━━━ EXCERPTED RECORDS
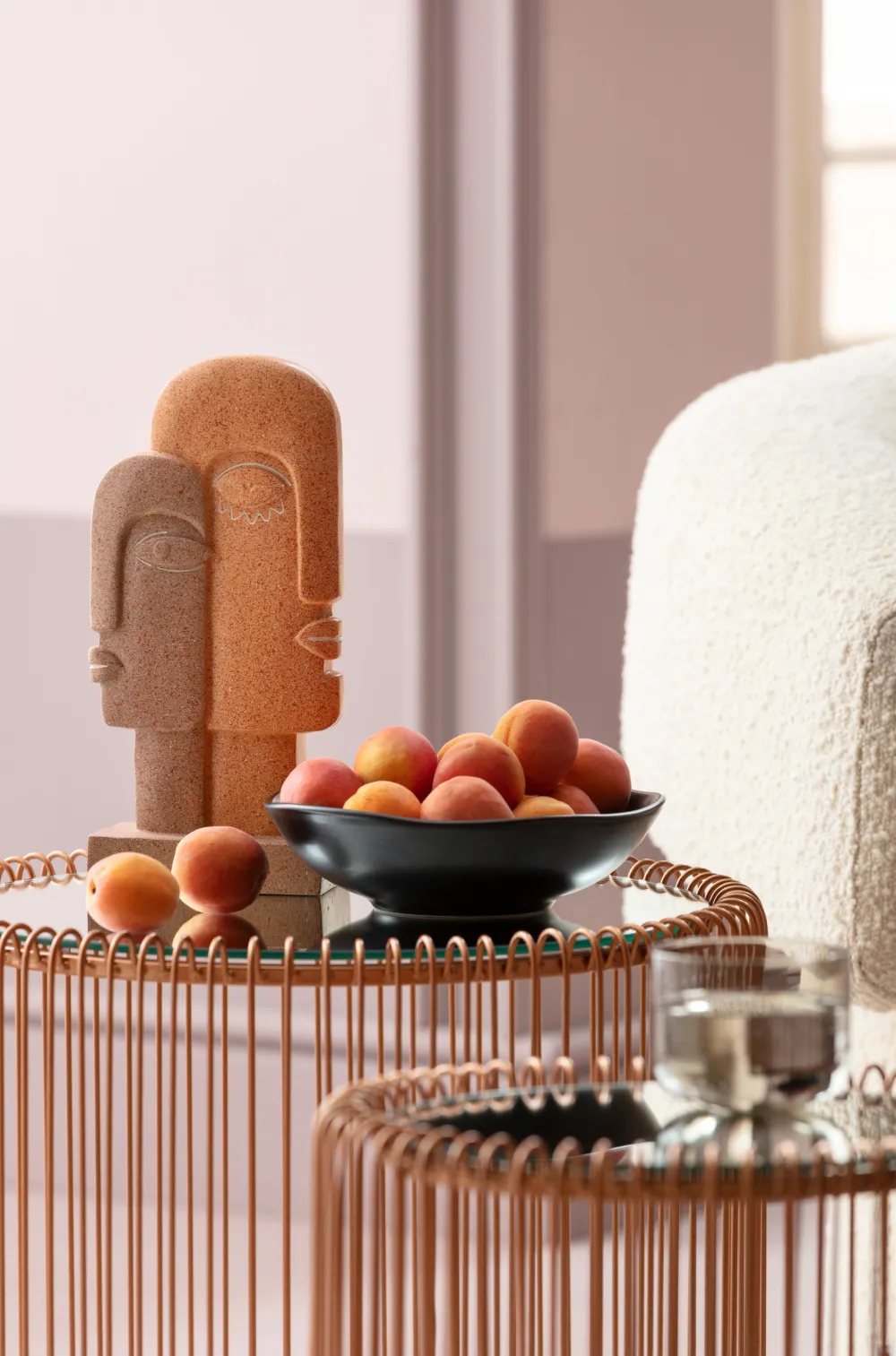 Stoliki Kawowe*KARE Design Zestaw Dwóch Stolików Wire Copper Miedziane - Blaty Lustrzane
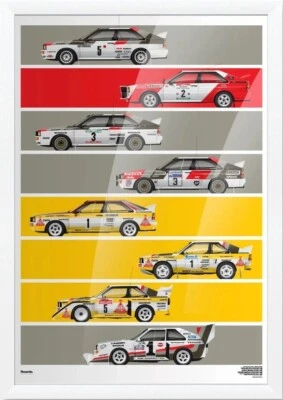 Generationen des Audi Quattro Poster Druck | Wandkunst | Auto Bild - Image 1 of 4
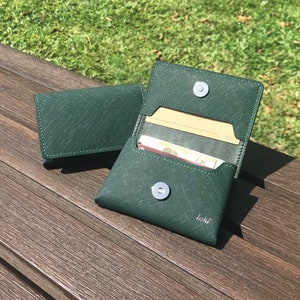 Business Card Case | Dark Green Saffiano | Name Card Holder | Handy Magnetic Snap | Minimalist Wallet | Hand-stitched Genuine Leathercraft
━━━━━━
━━━ EXCERPTED RECORDS
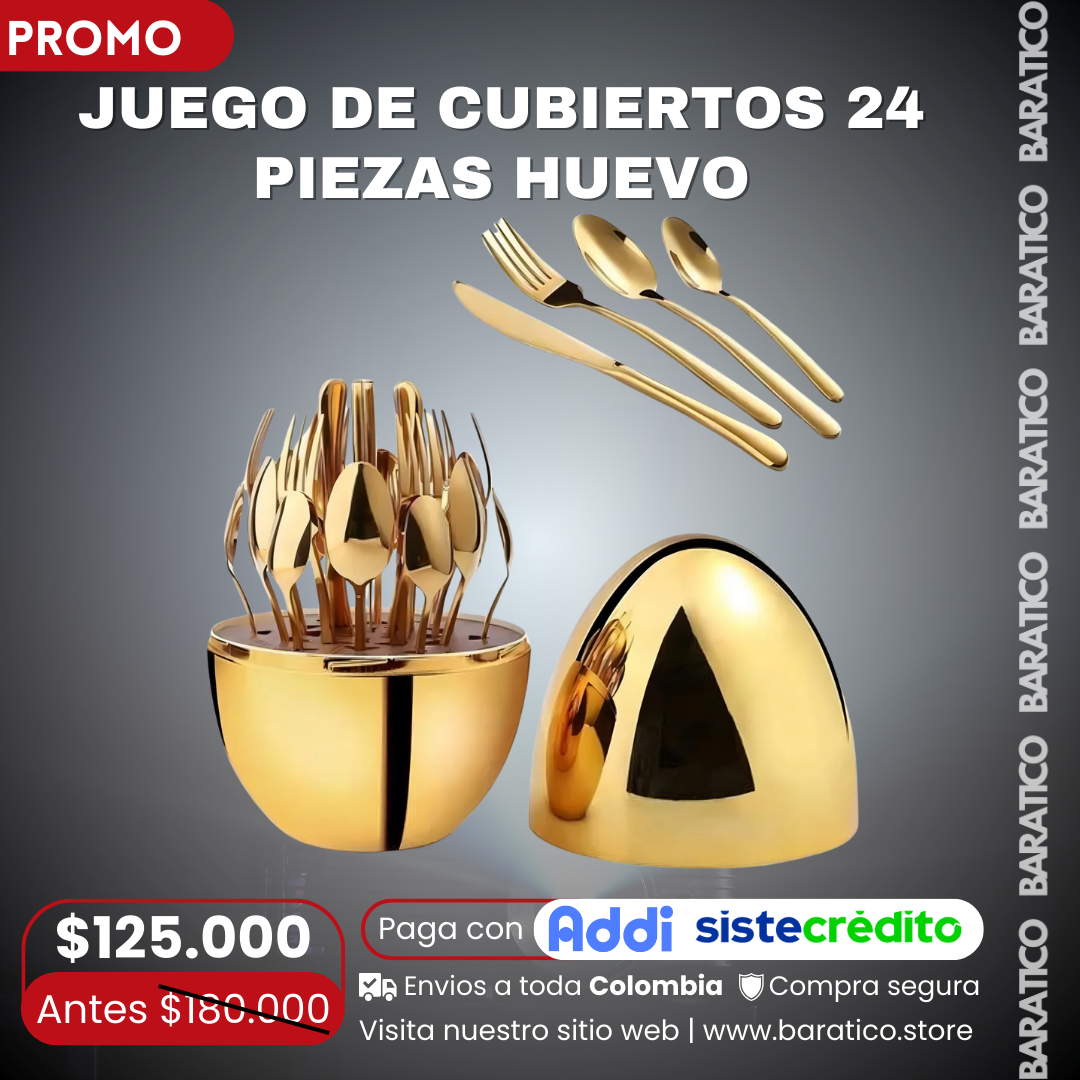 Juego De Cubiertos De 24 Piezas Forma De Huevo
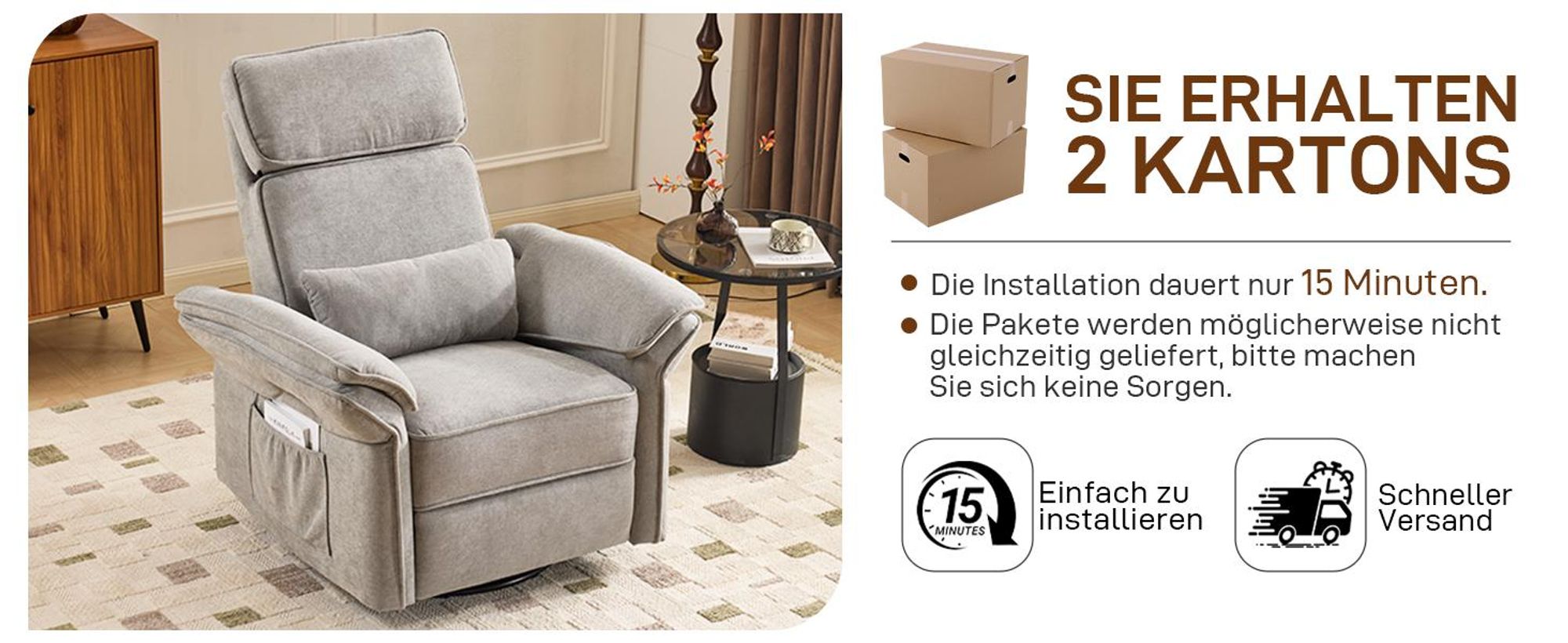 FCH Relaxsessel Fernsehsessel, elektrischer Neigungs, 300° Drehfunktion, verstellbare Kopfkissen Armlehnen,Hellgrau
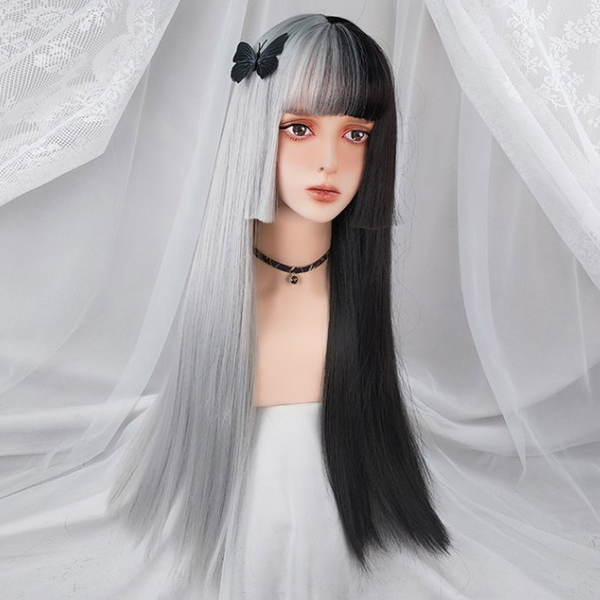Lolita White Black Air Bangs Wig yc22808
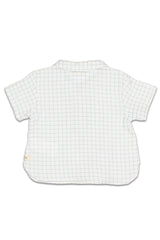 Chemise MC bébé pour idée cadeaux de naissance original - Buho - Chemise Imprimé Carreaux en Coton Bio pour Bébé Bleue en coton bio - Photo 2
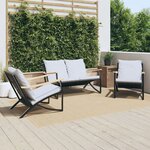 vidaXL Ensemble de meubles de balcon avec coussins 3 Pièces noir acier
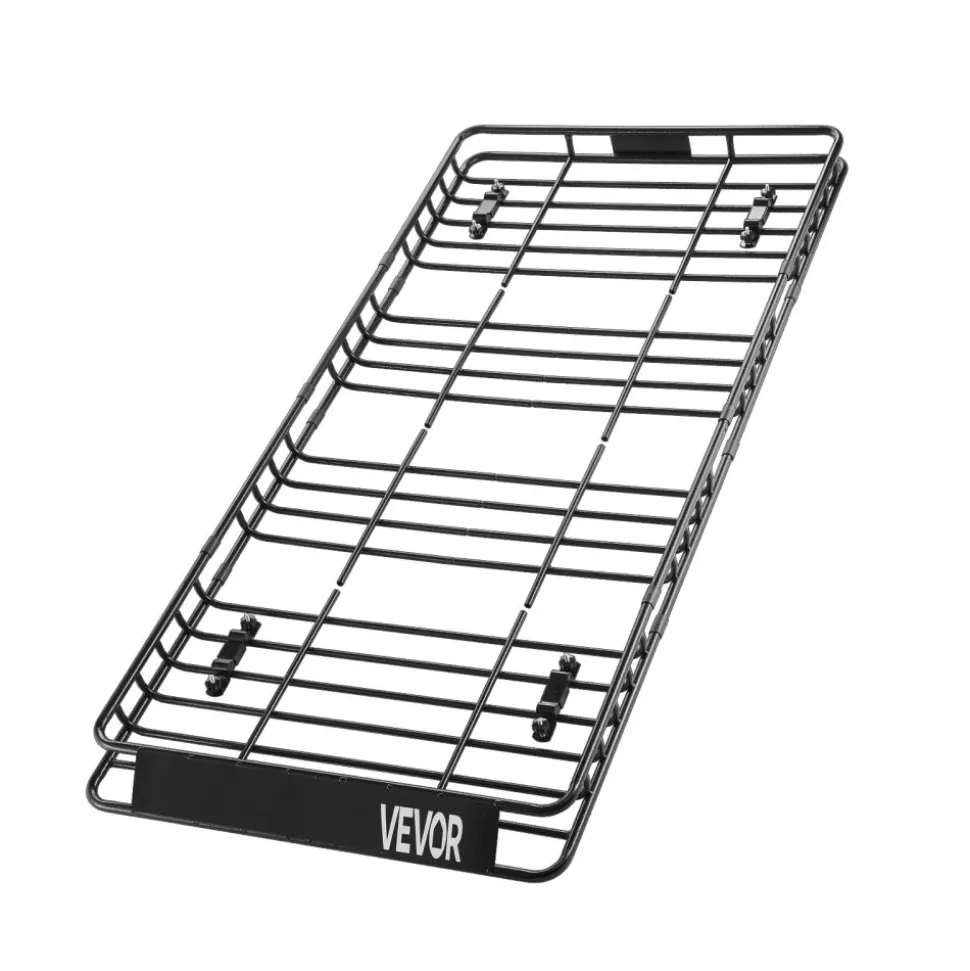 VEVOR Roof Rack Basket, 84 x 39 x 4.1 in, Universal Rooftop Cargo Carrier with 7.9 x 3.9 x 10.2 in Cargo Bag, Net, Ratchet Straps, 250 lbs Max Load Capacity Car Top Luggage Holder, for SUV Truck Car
━━━━━━
• _TO DO_
Using the entries above, transcribe exactly from the line that has "Stoliki Kawowe*KARE Design" through the line that has "Business Card Case". Pictures are dropped.

• _SOLUTION TO THE PROBLEM_
 Stoliki Kawowe*KARE Design Zestaw Dwóch Stolików Wire Copper Miedziane - Blaty Lustrzane
 Generationen des Audi Quattro Poster Druck | Wandkunst | Auto Bild - Image 1 of 4
 Business Card Case | Dark Green Saffiano | Name Card Holder | Handy Magnetic Snap | Minimalist Wallet | Hand-stitched Genuine Leathercraft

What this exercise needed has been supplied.